The whole thing seems to have come about because Joss Whedon made absurd amounts of money for Marvel with Avengers Assemble and so they told him he could make a TV show about the world if he really wanted to. Since most of Joss' working life has consisted of being given not enough money and time to try to make a follow up to Buffy the Vampire Slayer, he doesn't seem to have known quite what to do when Marvel gave him all the money in the world and a full season to waste it on, and here we are with ten lacklustre episodes of whatever the hell it is that he's trying to do in Agents of Shield.
I'm not here to talk about that, because that would be boring - more boring even than the show is turning out to be. I'm here to talk about the show which they should have made instead.
The whole Marvel superhero thing has given us an uneven torrent of movies in which teenage wish fulfilment made manifest somehow saves the world from certain destruction. Over, and over again. Because Hollywood, I think. Everything's turned up to 11 these days, as though the only way to make us interested is to overload our systems to the point where they shut down in self defence.

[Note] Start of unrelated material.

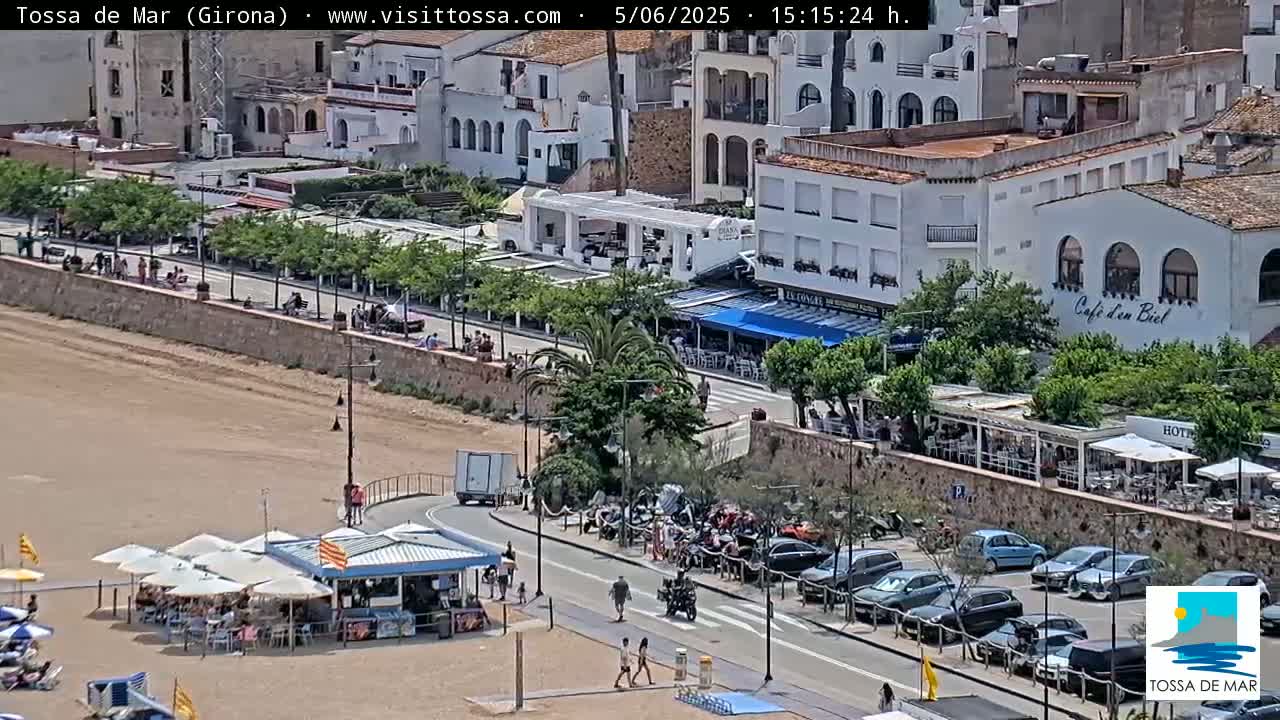 A sunny beach scene shows a sandy shore with beach umbrellas and chairs, a seaside promenade with restaurants and parked cars, and white buildings in the background.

Presumably at that point our critical faculties cut out as well, and we start thinking that we're seeing something good.
Well, you can't do that on TV. There isn't the money, and there isn't the time, and it would be absurd to almost destroy the world every week in 40 minutes or less. It's absurd enough that any given franchise seems to do it once a year or so in a couple of hours of frenetic jump cutting. TV is - these days - for slower-burning, more meditative fare. There was a moment in the trailer for the TV show which had me hoping that Whedon was going to be clever; Agent Huge Block of Wood was asked if he knew what S.H.I.E.L.D stood for, and correctly spelled it out. Then he got asked if he knew what that meant, and said "That somebody really wanted the initials to spell "shield"". For that brief moment, I thought "found my next guilty pleasure."

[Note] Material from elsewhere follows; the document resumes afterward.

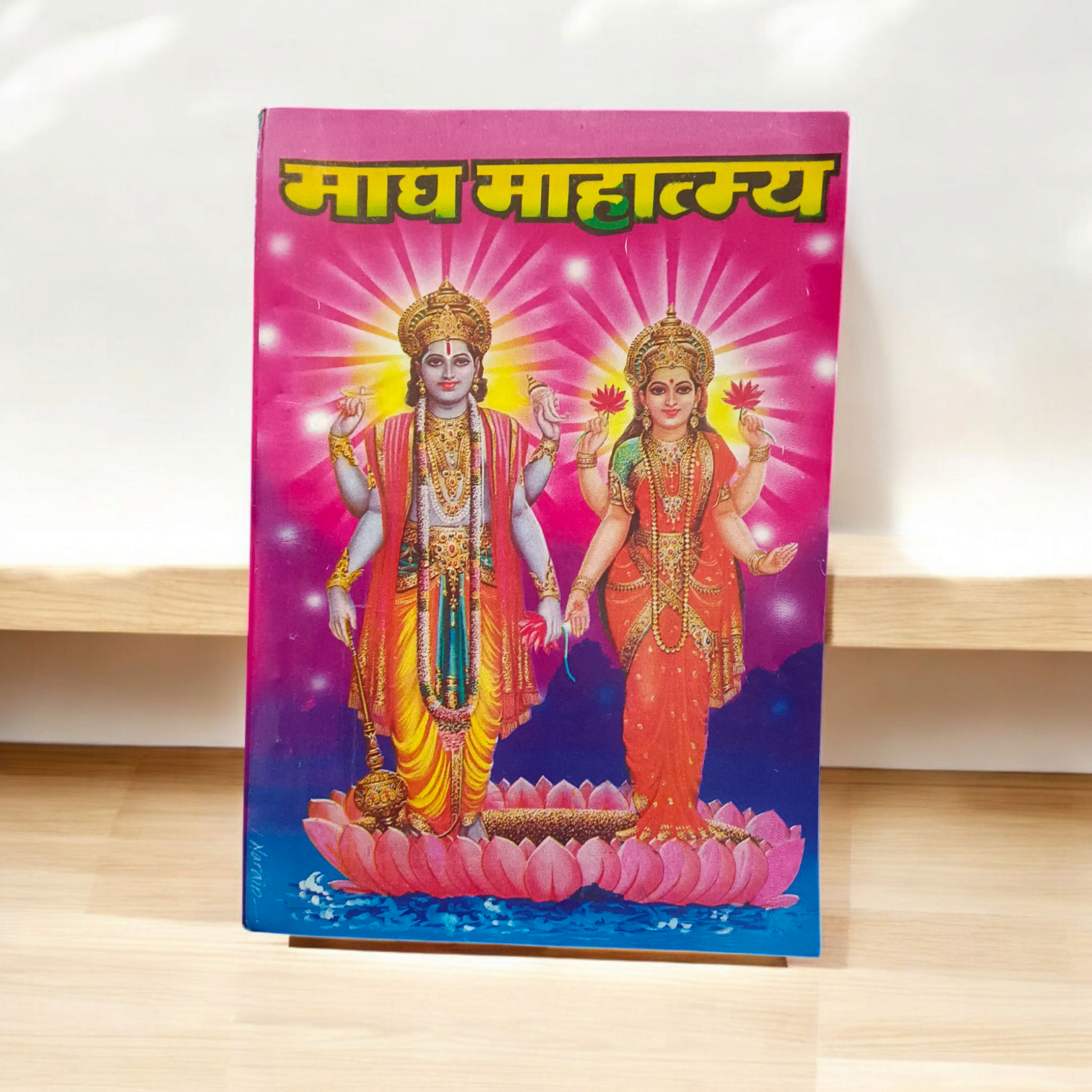 The image displays the cover of Magh Mahatmya | Hindi Book, featuring sacred symbols associated with the Magh month and the deities worshipped during this time.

Instead it's been "monster of the week, meet the wood muppets", when it should have been the greatest workplace comedy ever. The movies are the big deal; all huge stars and superheroes running around "saving the world" by demolishing half of it in CGI extravaganzas. The TV show should have been about the grumbling janitors who get to run along after the circus parade with brooms and dustpans, cleaning up the trail of destruction and wondering why they never get any respect. It would have been the perfect place for endless Whedon-esque pop culture jokes and self aware sarcasm. And instead of showing us almost heroes and almost adventures, we'd cut in each week as the team get the phone call to tidy up after the latest big budget movie. They'd be sitting there round the break table, arguing over whose turn it was to fill the percolator, and a battered phone would ring under a dartboard with a picture of Nick Fury's face in the middle. "Ah, not this again." "You know how it is; S.H.I.E.L.D Someone Hasta Inspect Every Little Disaster". And of they'd go, picking up after all the important people we go to the cinema to see properly.
Probably get cancelled after a month, but that would just be Whedon, being true to himself.